During the 2007 to 2009 recession, the retail auto sales sector was one of the most severely impacted market segments. New vehicle sales fell as much as 40 percent, leading to unemployment for many workers in the industry and bankruptcy for many dealers.
How does that compare to the situation we currently find our economy to be in? As of March 2020, vehicle sales had declined 35 percent and struggled to reach the target for projected annual sales of 14.8 million. Of the few automakers still reporting monthly sales numbers, Hyundai motors, Mazda North America and Subaru of America each stated their sales in April were down lower than 38 percent of what they were at that time last year in 2019.Chart as of May 1st, 2020 https://www.goodcarbadcar.net/2020-us-vehicle-sales-figures-by-brand/
Many dealerships that had to close showrooms because of COVID-19 have responded by implementing stronger online sales tactics. Increased marketing of online sales and ‘contactless deliveries’ may help dealerships continue to attract consumers and stay afloat in the market. Companies such as Tesla and Kia have been regularly selling vehicles online since 2017. Their results show that consumers are willing to buy vehicles costing $75,000 and more without any previous experience driving them. If every brand can introduce reliable online sales and delivery systems, the future of sales may drastically change in the direction of electronic purchases as a result of the COVID-19 pandemic.

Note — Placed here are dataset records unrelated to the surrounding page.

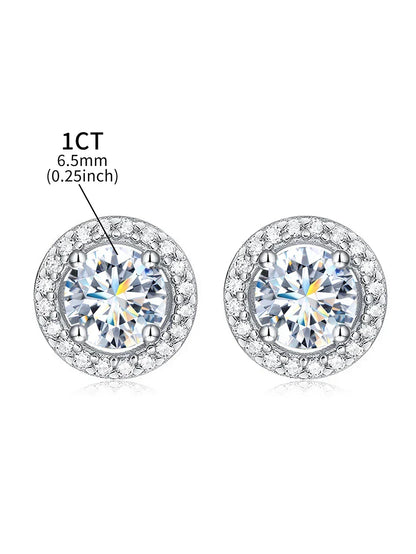 Moissanite Diamond Stud Earrings 925 Sterling Silver Round Halo Wedding Jewelry
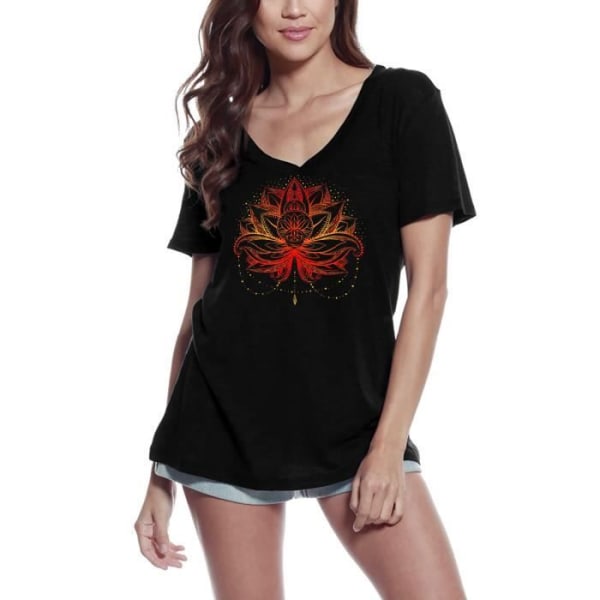 T-shirt med v-ringad dam Lotus Flower Fire - Andlig Meditations Yoga – Lotus Flower Fire - Andlig Meditations Yoga – T-shirt djup svart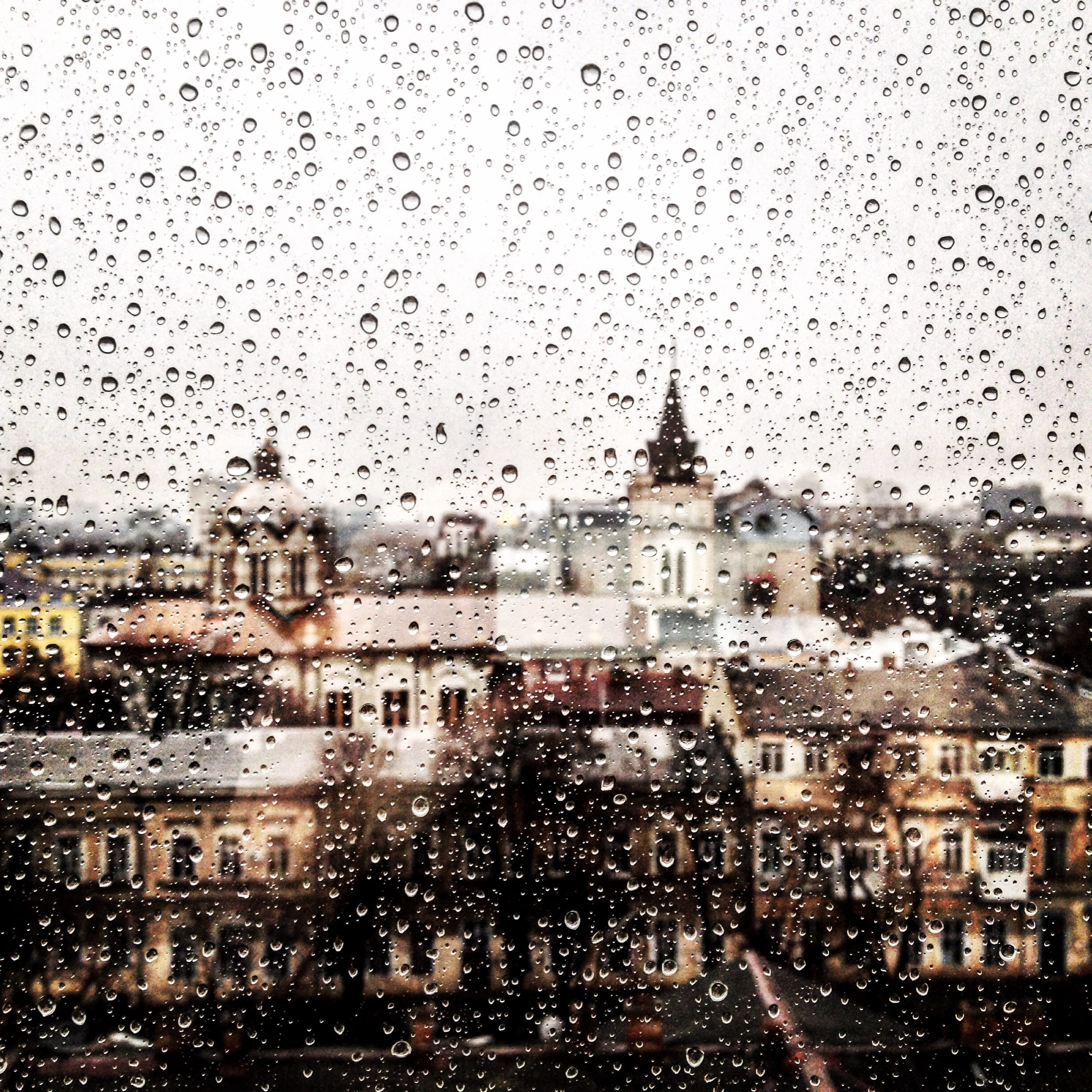 cityscape, building, outdoors, raindrop, water, textured effect, nature, window, glass - material, landscape, rain, transparent, focused, tear, clear, building exterior, Phone HD Wallpaper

Analysts are predicting sales declining an additional 15 percent by the end of the year if state-mandated business closures continue. If we were to follow the trend that was displayed in 2008, it would take 18 months for this current recession to disappear and auto sales to return to what they were before the decline. However, we still do not know exactly when our economy will reopen. There is a possibility that this car sales slump may last even longer.